This Series on “Sickle Cell Disease” is edited by Dr. Carla Luana Dinardo from Fundação Pró-Sangue Hemocentro de São Paulo and Universidade de São Paulo, São Paulo, Brazil. The series will be dedicated to the presentation of different aspects of this complex disease, focusing on the physiopathology, target-organ complications and transfusion support, especially referring to RH variants.
Carla Luana Dinardo, MD, PhD
Fundação Pró-Sangue Hemocentro de São Paulo, São Paulo, Brazil; Instituto de Medicina Tropical, Universidade de São Paulo, São Paulo, Brazil
Dr. Carla Dinardo received her medical degree from the University of São Paulo School of Medicine in 2005. She then completed her residency training in internal medicine in 2008. She becomes a specialist in Hematology and Hemotherapy since 2010, and she initiated her career at Fundação Pró-Sangue São Paulo Hemocenter as head of the Immunohematology Division in 2012. She then received her PhD in Sciences from the University of São Paulo School of Medicine in 2015.
Dr. Dinardo currently serves as director of external relations of Fundação Pró-Sangue, coordinating the transfusion and the immunohematology reference laboratories. Dr. Dinardo is also head of the scientific department of the Hemotherapy Unit of Hospital Samaritano and head of the immunohematology reference laboratory of Hospital das Clínicas, University of São Paulo. She also joined the Young Professional Council of ISBT in 2020, representing Latin America.
Her main research focus is on studying the genetics of blood group systems and red blood cell alloimmunization. She is an active investigator of the Recipient Epidemiology and Donor Evaluation Study (REDS) IV-P and of the Trans-Omics for Precision Medicine (TOPMed) Consortium. She is currently Principal Investigator of seven studies and she has published about 50 articles in peer-review journals in the field of hematology, hemotherapy, cell physiology and genetics.

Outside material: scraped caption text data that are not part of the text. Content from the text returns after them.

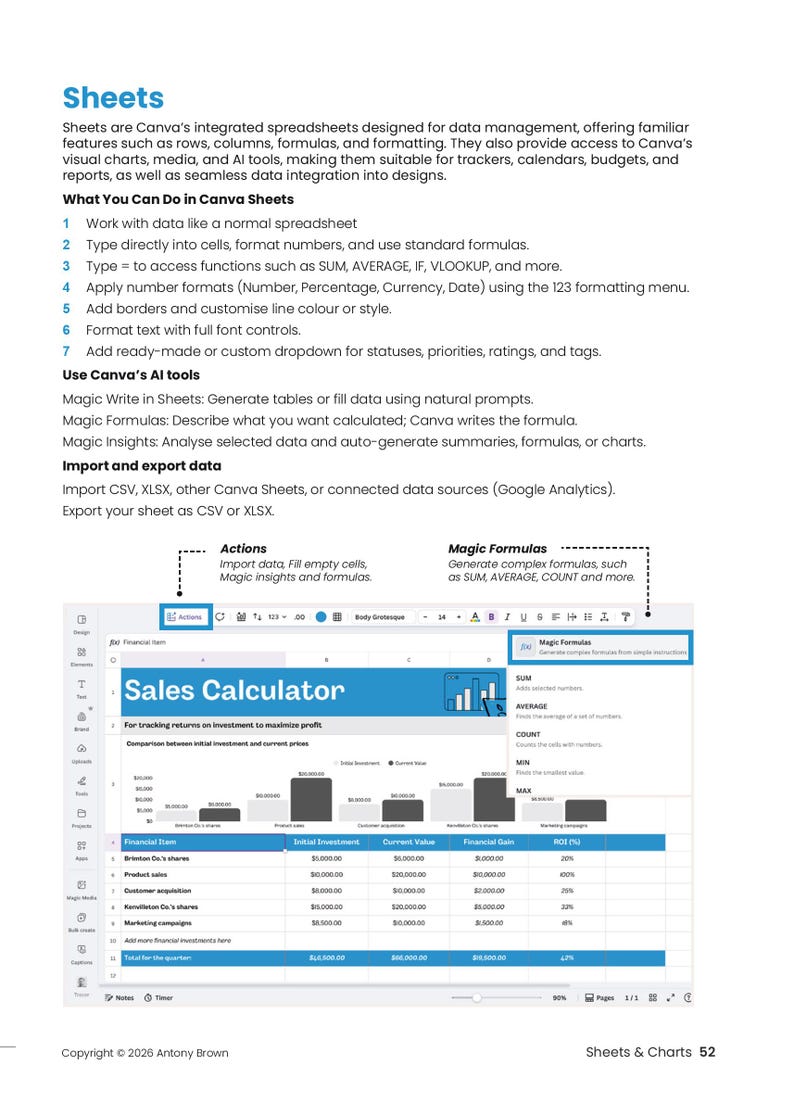 May include: A screenshot from Canva showing a 'Sales Calculator' spreadsheet. The spreadsheet includes columns for initial investment, current value, and financial gain. Text on the screen explains how to use Canva Sheets for data management, formulas, and AI tools.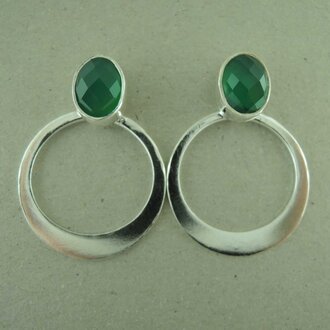 P161 OZ0956 OORSTEKER Ag925 ONIX GROEN 28MM 15MM 8MM OVAAL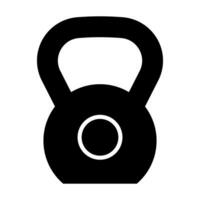 Kettlebell black vector icon isolated on white background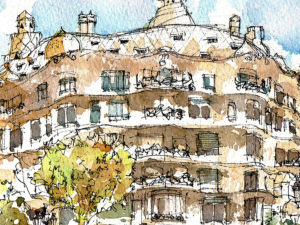 La-Pedrera-Edifici-Gaudi-drawing-Barcelona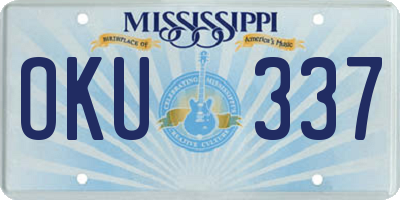 MS license plate OKU337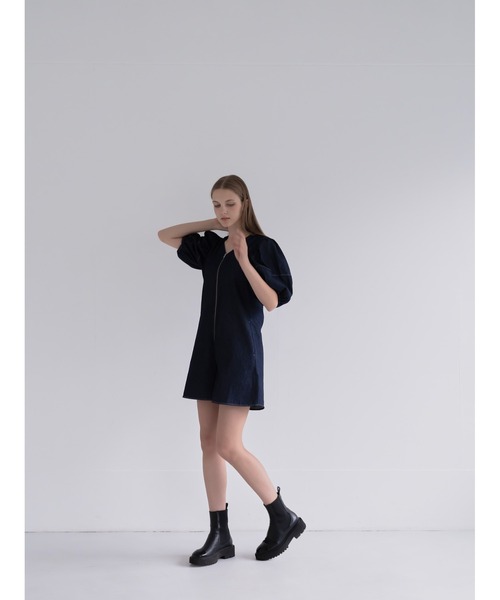 Cla STEllaR(クラステラ)の「デニム スーツ オールインワン ジャンプスーツ コンビネゾン 半袖 ショート ハーフ ジップ(つなぎ/オールインワン・レディース・インディゴブルー・FREE)」の22枚目の写真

- Monocyte Monolayer Assay as a strategy to detect hyperhemolysis
- Pulmonary Hypertension in SCD
- Overview of the REDSIII SCD cohort
- RBC alloimmunization in SCD: from bench to bedside
- Clinical and laboratorial factors associated with SCD leg ulcers
- Hydroxyurea in SCD: new insights in the mechanisms of action
- Strategies to transfuse SCD patients presenting clinically relevant RH variants
- Hematopoietic Stem Cell Transplantation in SCD
- RBD deformability in vitro and survival in vivo
- Diversity of Beta-globin genes haplotypes in SCD
The series “Sickle Cell Disease” was commissioned by the editorial office, Annals of Blood without any sponsorship or funding. Carla Luana Dinardo is serving as the unpaid Guest Editor for the series.